That, or something like it, definitely sounds reasonable and much
better than putting the check into every driver :-)

2007-12-13 14:20:15

by Andrew Gallatin

[permalink] [raw]
Subject: Re: [RFC] net: napi fix

Joonwoo Park wrote:
> 2007/12/13, Kok, Auke <[email protected]>:
>> David Miller wrote:
>>> From: Andrew Gallatin <[email protected]>
>>> Date: Wed, 12 Dec 2007 12:29:23 -0500
>>>
>>>> Is the netif_running() check even required?
>>> No, it is not.
>>>
>>> When a device is brought down, one of the first things
>>> that happens is that we wait for all pending NAPI polls
>>> to complete, then block any new polls from starting.
>> I think this was previously (pre-2.6.24) not the case, which is why
e1000 et al
>> has this check as well and that's exactly what is causing most of the
>> net_rx_action oopses in the first place. Without the netif_running()
check
>> previously the drivers were just unusable with NAPI and prone to
many races with
>> down (i.e. touching some ethtool ioctl which wants to do a reset
while routing
>> small packets at high numbers). that's why we added the
netif_running() check in
>> the first place :)
>>
>> There might be more drivers lurking that need this change...
>>
>> Auke
>>
>
> Also in my case, without netif_running() check, I cannot do ifconfig
down.
> It stucked if packet generator was sending packets.

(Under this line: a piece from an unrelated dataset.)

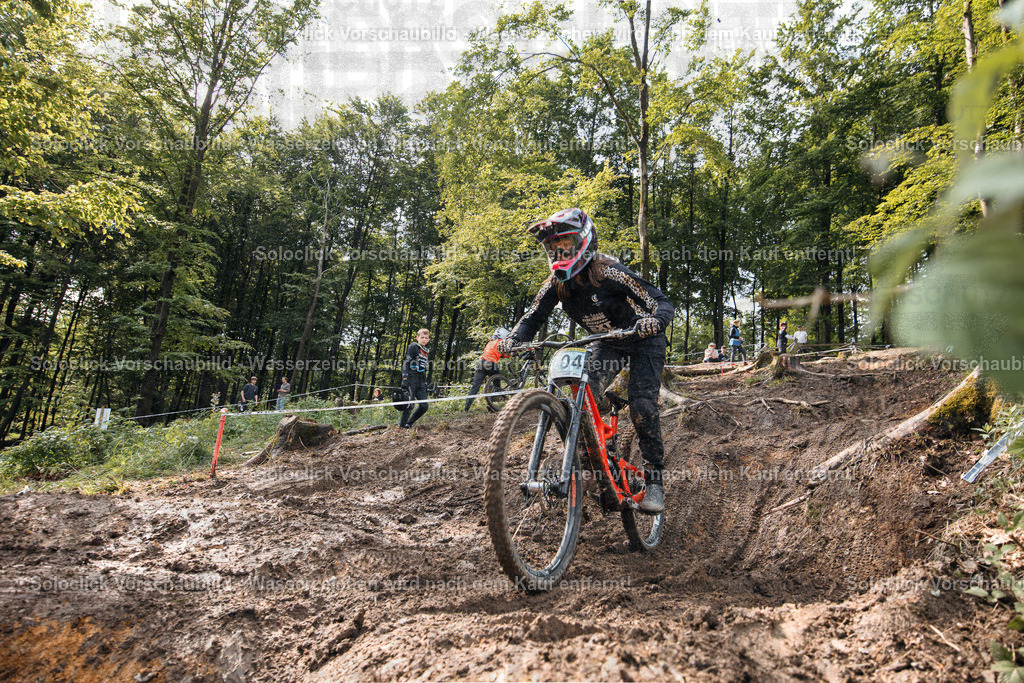 Mountainbiker im Sturmlauf | Ein Mountainbiker stürzt einen steilen, erdigen Hang hinunter, umgeben von dichtem Grün und Bäumen. Er trägt einen roten Mountainbike-Helm und eine Schutzkleidung und fährt mit hoher Geschwindigkeit. - Realisiert mit Pictrs.com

If the netif_running() check is indeed required to make a device break
out of napi polling and respond to an ifconfig down, then I think the
netif_running() check should be moved up into net_rx_action() to avoid
potential for driver complexity and bugs like the ones you found.

Drew

2007-12-13 16:48:16

by Kok, Auke

[permalink] [raw]
Subject: Re: [RFC] net: napi fix

David Miller wrote:
> From: Andrew Gallatin <[email protected]>
> Date: Thu, 13 Dec 2007 09:13:54 -0500
>
>> If the netif_running() check is indeed required to make a device break
>> out of napi polling and respond to an ifconfig down, then I think the
>> netif_running() check should be moved up into net_rx_action() to avoid
>> potential for driver complexity and bugs like the ones you found.
>
> That, or something like it, definitely sounds reasonable and much
> better than putting the check into every driver :-)

hear hear!

Auke

2007-12-13 18:30:30

by Stephen Hemminger

[permalink] [raw]
Subject: Re: [RFC] net: napi fix

On Thu, 13 Dec 2007 06:19:38 -0800 (PST)
David Miller <[email protected]> wrote:

> From: Andrew Gallatin <[email protected]>
> Date: Thu, 13 Dec 2007 09:13:54 -0500
>
> > If the netif_running() check is indeed required to make a device break
> > out of napi polling and respond to an ifconfig down, then I think the
> > netif_running() check should be moved up into net_rx_action() to avoid
> > potential for driver complexity and bugs like the ones you found.
>
> That, or something like it, definitely sounds reasonable and much
> better than putting the check into every driver :-)
> --
> To unsubscribe from this list: send the line "unsubscribe netdev" in
> the body of a message to [email protected]
> More majordomo info at http://vger.kernel.org/majordomo-info.html

It is not possible to do netif_running() check in generic code as currently
written because of the case of devices where a single NAPI object is
being used to handle two devices. The association between napi and netdevice
is M to N. There are cases like niu that have multiple NAPI's and one
netdevice; and devices like sky2 that can have one NAPI and 2 netdevice's.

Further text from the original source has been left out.